Obtaining, monitoring, and adjusting the drilling direction
conventionally requires that the human operator must manually
scribe a line or somehow otherwise mark the drill string at the
surface to monitor its orientation relative to the downhole tool
orientation. That is, although the GTF or MTF can be determined at
certain time intervals, the top drive or rotary table orientation
is not known automatically. Consequently, the relationship between
toolface and the quill position can only be estimated by the human
operator, or by using specialized drilling equipment such as that
described in co-pending application Ser. No. 12/234,584, filed Sep.
19, 2008, to Nabors Global Holdings, Ltd. It is known that this
relationship is substantially affected by reactive torque acting on
the drill string and bit.
It is understood in the art that directional drilling and/or
horizontal drilling is not an exact science, and there are a number
of factors that will cause a well to be drilled on or off course.

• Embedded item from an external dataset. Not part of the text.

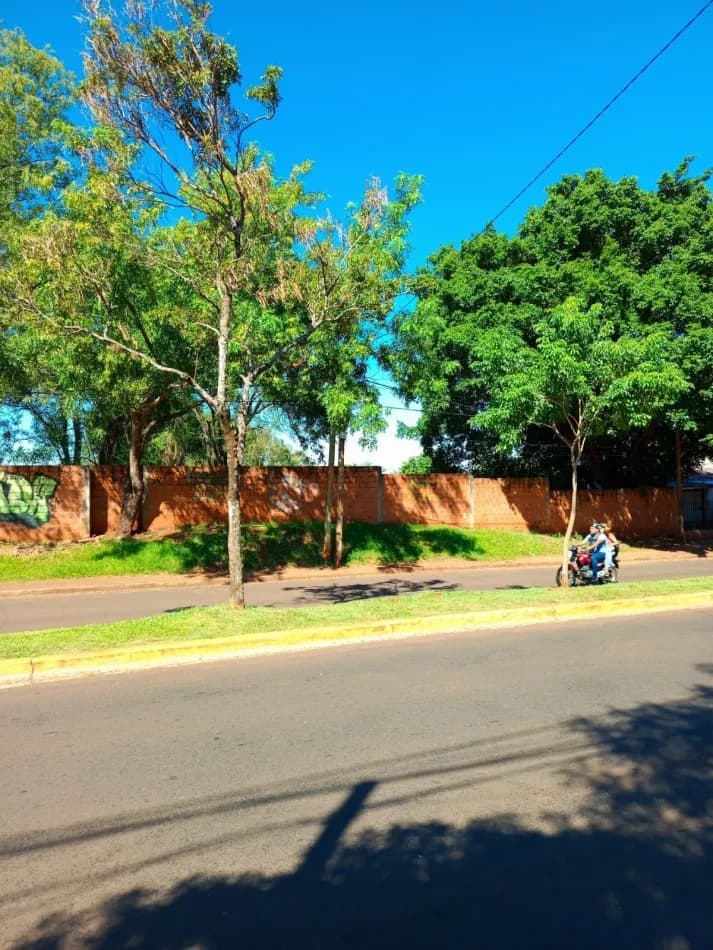 Terreno arbolado sobre calle asfaltada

The performances of the BHA are affected by downhole formations,
the weight being applied to the bit (WOB), drilling fluid pump
rates, and various other factors. Directional and/or horizontal
wells are also affected by the engineering, as well as the
execution of the well plan. At the end of the drilling process
there is not presently much attention paid to, much less an
effective method of, evaluating the performance of the driller at
the controls of the drilling rig. Consequently, there has been a
long-felt need to more accurately evaluate a driller's ability to
keep the toolface in the correct orientation, and to be able to
more accurately evaluate a driller's ability to keep the well on
target, such as at the correct inclination and azimuth.
SUMMARY OF THE INVENTION
The invention encompasses a method of evaluating drilling
performance in a wellbore by monitoring an actual toolface
orientation of a downhole steerable motor and a drilling operation
parameter indicative of a difference between the actual toolface
orientation and a recommended toolface orientation referred to as
the toolface advisory, recording the difference between the actual
toolface orientation and the toolface advisory, and scoring the
difference between the actual toolface orientation and the toolface
advisory by assigning a value to the difference that represents
drilling performance and varies depending on the difference.
Preferably, the invention further encompasses providing the value
to an evaluator.
The invention encompasses a method of evaluating drilling
performance of a driller (e.g., a rig operator) and driller job
performance in drilling a wellbore by monitoring the actual
toolface orientation of a downhole steerable motor and a toolface
advisory, by monitoring a drilling operation parameter indicative
of a difference between the actual toolface orientation, recording
the difference between the actual toolface orientation and the
toolface advisory, and scoring the difference between the actual
toolface orientation and a toolface advisory by assigning a value
to the difference that represents drilling performance and varies
depending on the difference. Preferably, the invention further
encompasses providing the value to an evaluator. In a preferred
embodiment in every aspect of the invention, the evaluator can be
the driller or the driller's peer(s), or both.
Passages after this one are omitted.